Plan would speed Avalon renovation
It’s just an idea, but a new plan is brewing to more quickly refurbish the most pressing needs at the Avalon Theatre.
Plans already are under way to raise about $14 million in funds to fully refurbish the historic theater, 645 Main St., but that timeline doesn’t have construction starting for three to four years.
A new idea aims to use $3 million in funds that already are dedicated to the project by the Downtown Development Authority to start on some construction while those costs are reasonable.
“A lot of us would like to have something sooner than later,” said Steve Thoms, a board member with the DDA. “Anything we can do to get the Avalon more use would be a boon for downtown.”
A current plan for the Avalon includes raising $8 million to start the first phase of three-phase plan. Phase one included enlarging the stage, creating an orchestra pit, and updating aging heating and ventilation systems.

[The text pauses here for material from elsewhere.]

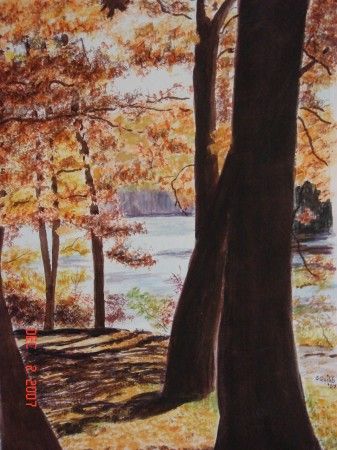 Lake Silvermine in Fall - Michele L. Squibb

However, some are suggesting that more pressing needs at the Avalon be fixed first, some improvements that have been included in the project’s second-phase. Bathrooms at the Avalon are on the second floor and the building is not designed for people with disabilities. Seats at the Avalon have long been uncomfortable for patrons. An alternate theater for about 100 people and installing portable seats would allow people to watch films and continue to generate revenue.
Current needs at the Avalon could be completed without having to close the facility for more than a year and disrupt the momentum that has been building there, DDA director Harry Weiss said at a recent Grand Junction City Council workshop.
Even Grand Junction City Council members have said they are on board with a more expedited plan to update the Avalon, and suggested they may dedicate dollars to the project.
The Avalon is a city-owned entity. An expanded offering of programs in the past couple years has helped to keep operations out of the red.
The DDA had pledged up to $3 million to support Avalon renovations by offering $1 for every $3 raised by the fundraising committee. Weiss said at the city workshop that it might make more sense to dedicate the money now to construction rather than wait until costs increase.